343 inmates, 201 visually-impaired to write UTME, as exams begin tomorrow
 
By:
Fri, 26 Feb 2016   ||   Nigeria,
 

THE 2016 Unified Tertiary Matriculation Examination (UTME) will begin tomorrow and is expected to last “not more than 14 days,” the Registrar/Chief Executive Officer of the Joint Admissions and Matriculation Board (JAMB), Professor ‘Dibu Ojerinde, has stated.

The JAMB Registrar maintained that a total number of 1,589,175 candidates applied for the 2016 UTME as against the 1,475,477 candidates, which registered for the 2015 UTME, noting that 343 prison inmates and 201 Visually Impaired candidates registered for the 2016 UTME.

The examination, he said, will hold simultaneously in 521 examination centres in Nigeria and eight foreign centres; Accra in Ghana, Buea in Republic of Cameroun, Cotonou in Republic of Benin, London in United Kingdom, Jeddah in Kingdom of Saudi-Arabia, Johannesburg in Republic of South Africa, Addis in Ethiopia and Abidjan in Cote d’Ivoire.

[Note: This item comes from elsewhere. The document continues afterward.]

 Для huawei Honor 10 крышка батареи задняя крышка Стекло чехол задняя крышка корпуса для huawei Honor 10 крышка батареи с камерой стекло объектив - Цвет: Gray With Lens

Ojerinde, in a press statement made available to newsmen, on Thursday, commended President Muhammadu Buhari-led Federal Government, education stakeholders and the press, among others, for the support the Board has received in the course of preparations for the examination.

This is just as he disclosed that the board has, in a bid to reduce the high rate of successful candidates not being able to secure admission into tertiary institutions due to limited spaces, fine-tuned the candidates redistribution policy, which generated controversy last year, by “introducing another choice after the preferred choices amongst schools that are under-subscribed, to enable candidates take up a second opportunity if they failed to get their first preferred choice.”

The JAMB Registrar also explained the misconception about cut-off points, which he said were not set by JAMB but “by the policy committee chaired by the Honourable Minister of Education with the Board, Vice-Chancellors, Provost of Education, Rectors of Polytechnics, Monotechnics and so on,” noting that the 180 cut-off point is a minimum requirement and not an indication that any candidate who scores 180 would be admitted. He said institutions could go higher than 180, depending on their peculiarity, without infringing on the powers of the Board.